Your instructions | A word-for-word retyping of the listing below is required, with the pictures dropped.

::: Records supplied :::

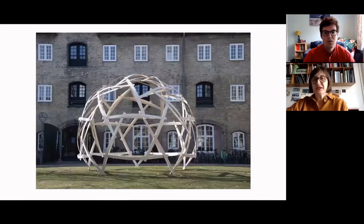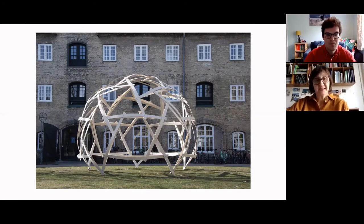What was interesting to me was that this structure, which is truly minimal — using only 12 millimeters of plywood to span about five meters — was not only beautiful but also very easy to put together. At one point there was a rock festival and we were invited to have it there.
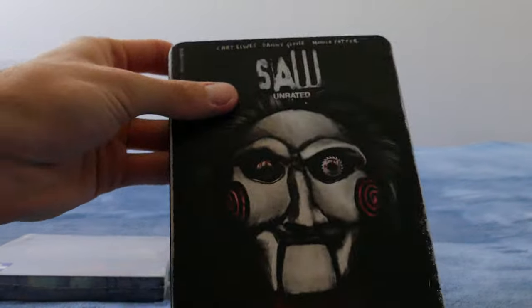I also have both of those brand new sealed as well. This one's not perfectly sealed but it is in there. Both of those sealed — yeah, this one's brand new sealed as well.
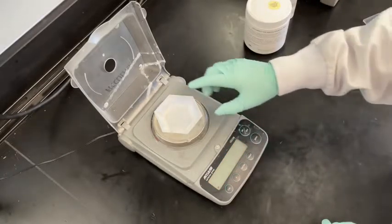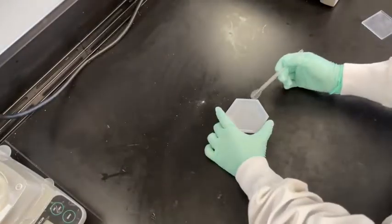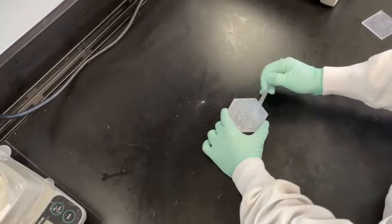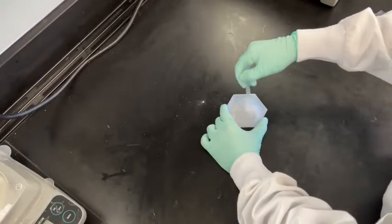Remove the bowl from the scale and turn off the scale. Take a plastic disposable stirring rod and mix the PDMS and the curing agent together. Stir the mixture vigorously for around 5 minutes to ensure sufficient mixing between the curing agent and the PDMS occurs. You will see bubbles near the mixture's surface.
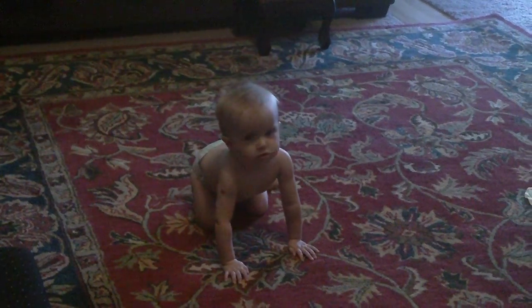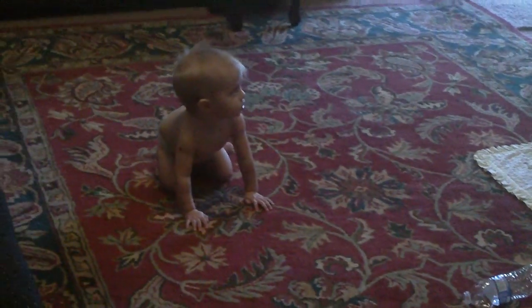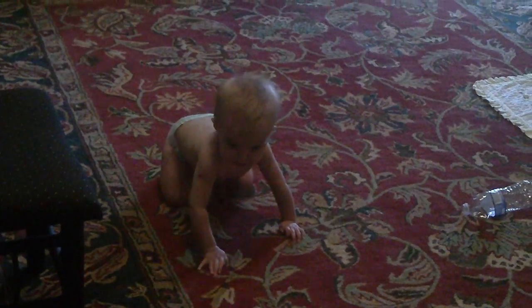This is Smith and Forge Hard Cider. It's like Jasper here. Strong. Sturdy. But not too sweet. Built from apples. Built to refresh. Smith and Forge Hard Cider. Made strong.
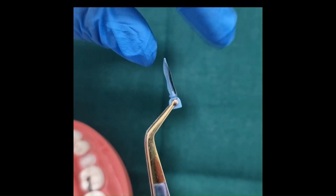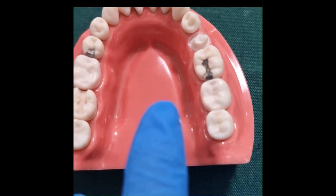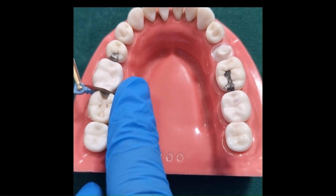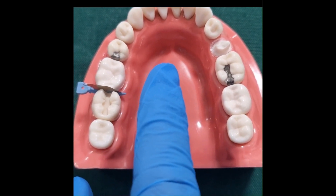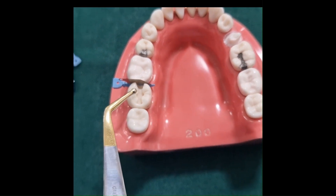Before we start the cavity preparation, a wedge guard can be placed in the interproximal space using a pin tweezer. This guard can protect the adjacent tooth from getting damaged.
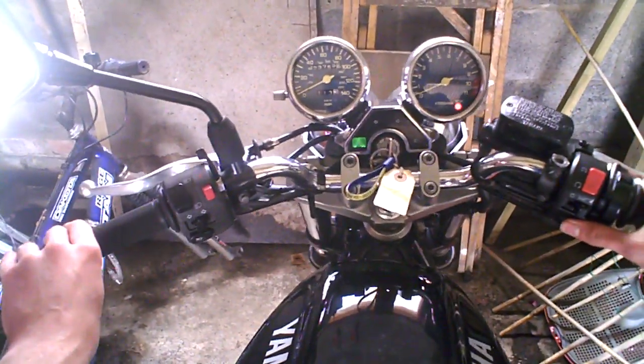But the thing is the battery is dead, so I need to bump start it. Which should be fun.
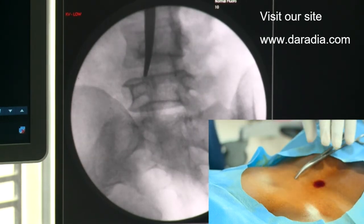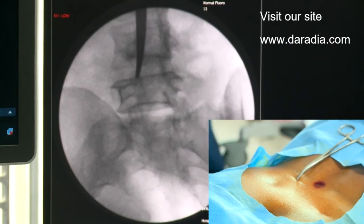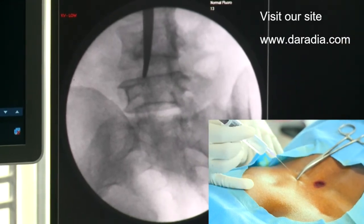The facet joint is bounded laterally by the superarticular process and medially by the inferarticular process. So now my facet joint is exactly over the target. Let's do it.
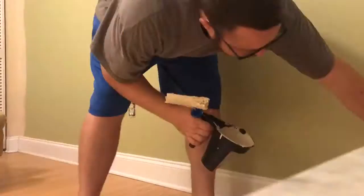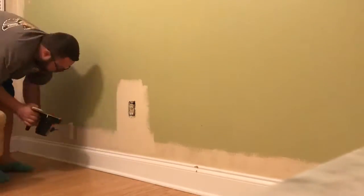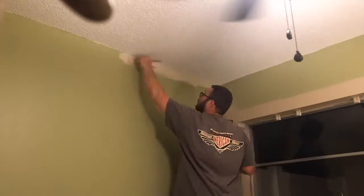I moved everything to the center of the room, took all the face plates off, and removed the blinds and curtains. That was about 10 to 15 minutes of prep work.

:::

Solution for this problem |
What was interesting to me was that this structure, which is truly minimal — using only 12 millimeters of plywood to span about five meters — was not only beautiful but also very easy to put together. At one point there was a rock festival and we were invited to have it there.
I also have both of those brand new sealed as well. This one's not perfectly sealed but it is in there. Both of those sealed — yeah, this one's brand new sealed as well.
Remove the bowl from the scale and turn off the scale. Take a plastic disposable stirring rod and mix the PDMS and the curing agent together. Stir the mixture vigorously for around 5 minutes to ensure sufficient mixing between the curing agent and the PDMS occurs. You will see bubbles near the mixture's surface.
This is Smith and Forge Hard Cider. It's like Jasper here. Strong. Sturdy. But not too sweet. Built from apples. Built to refresh. Smith and Forge Hard Cider. Made strong.
Before we start the cavity preparation, a wedge guard can be placed in the interproximal space using a pin tweezer. This guard can protect the adjacent tooth from getting damaged.
But the thing is the battery is dead, so I need to bump start it. Which should be fun.
The facet joint is bounded laterally by the superarticular process and medially by the inferarticular process. So now my facet joint is exactly over the target. Let's do it.
I moved everything to the center of the room, took all the face plates off, and removed the blinds and curtains. That was about 10 to 15 minutes of prep work.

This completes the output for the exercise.